Essay

Pearly queen

Richard Cork extols the restraint that lies behind Tate Britain’s haunting Elizabethan masterpiece

Emerging from the dark to reveal her prominent pregnancy, the lady appears to welcome our attention, inviting us to share her delight at the prospect of childbirth. The identity of this beguiling sitter has long since been forgotten; the only clue lies in an inscription on the back of the panel, suggesting that the portrait was once owned by an 18thcentury Shropshire landowner. His Elizabethan forebears, however, were probably not prosperous enough to have commissioned such a sumptuous image.

Attributed to Marcus Gheeraerts II
Portrait of an Unknown Lady (c.1595)
Tate

By the time Marcus Gheeraerts II (1561/2–1636) painted this picture, in about 1595, he was one of the most prominent portraitists of the era. A few years ealier, his monumental Ditchley portrait of a resplendent Elizabeth I had proclaimed the abilities of this Bruges-born artist. Forced to flee his native country for religious reasons, Gheeraerts went on to depict the top-ranking denizens of his adopted land as confidently as any of his English rivals.

Nothing in his oeuvre is more haunting than Portrait of an Unknown Lady. She is festooned unashamedly with pearls, which dance around her dark hair, dangle from her blanched forehead, curl round her neck and hang like plump white fruits from her ear-lobes.

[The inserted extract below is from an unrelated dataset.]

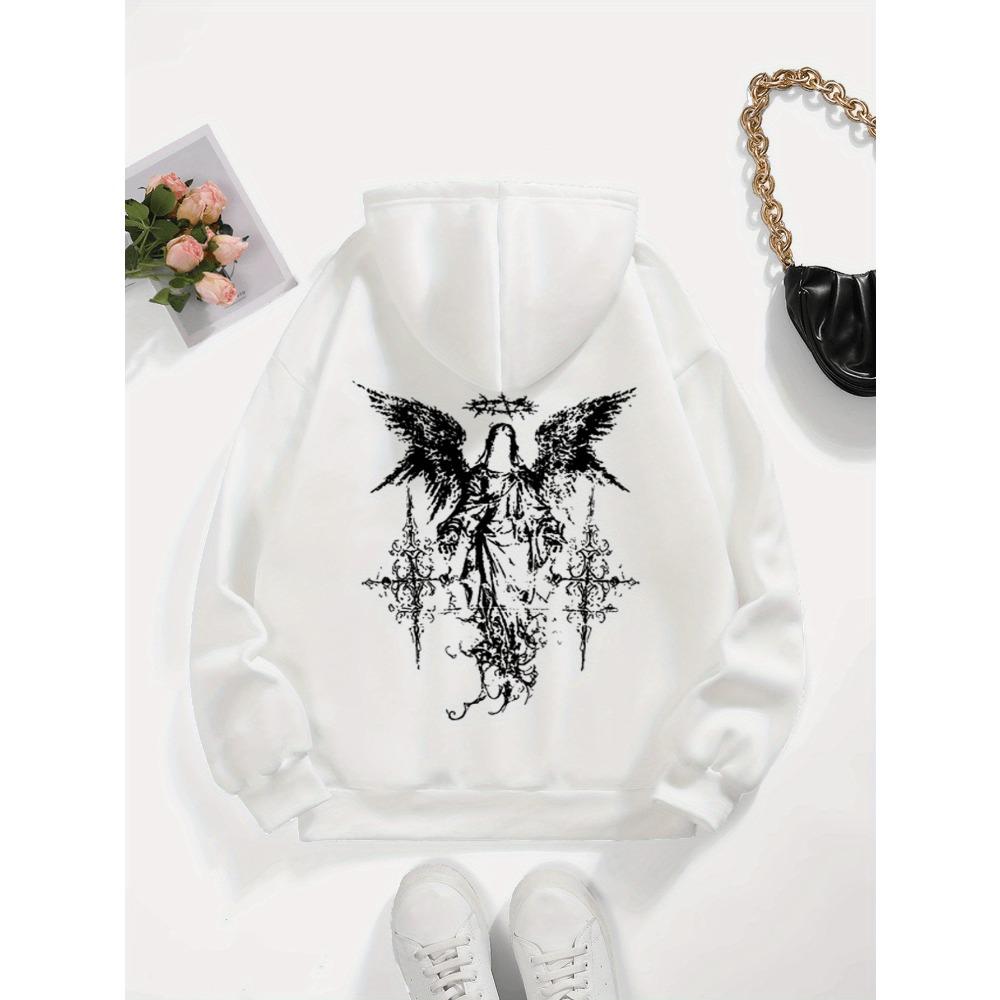Angel Pattern Printed Men's Hooded Sweatshirt, Casual Polyester Hooded Sweatshirt, Regular Length, Comfortable All Year Round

Then, in even more glistening profusion, they cascade from both shoulders before curving upwards to be held, in an almost nonchalant loop, between her breasts.

Gheeraerts clearly intended an erotic frisson, and the lady’s smile may convey a tacit acknowledgement of her delight in display. Most sitters in Elizabethan portraits are serious, so artist and sitter needed considerable audacity to depart from precedent. Pearls, however, also symbolised purity, and were the attribute of the virgin-martyr St Margaret of Antioch, the patron saint of childbirth. So the avalanche of pearls may also be intended to attract St Margaret’s blessing during the hazards of pregnancy.

The sitter’s husband must have commissioned the portrait to celebrate her fertility and the hoped-for birth of an heir. The swell of her belly is shown with relish, and more pearls pepper the dress enclosing its ripeness. Gheeraerts revels in his skill at simulating their texture.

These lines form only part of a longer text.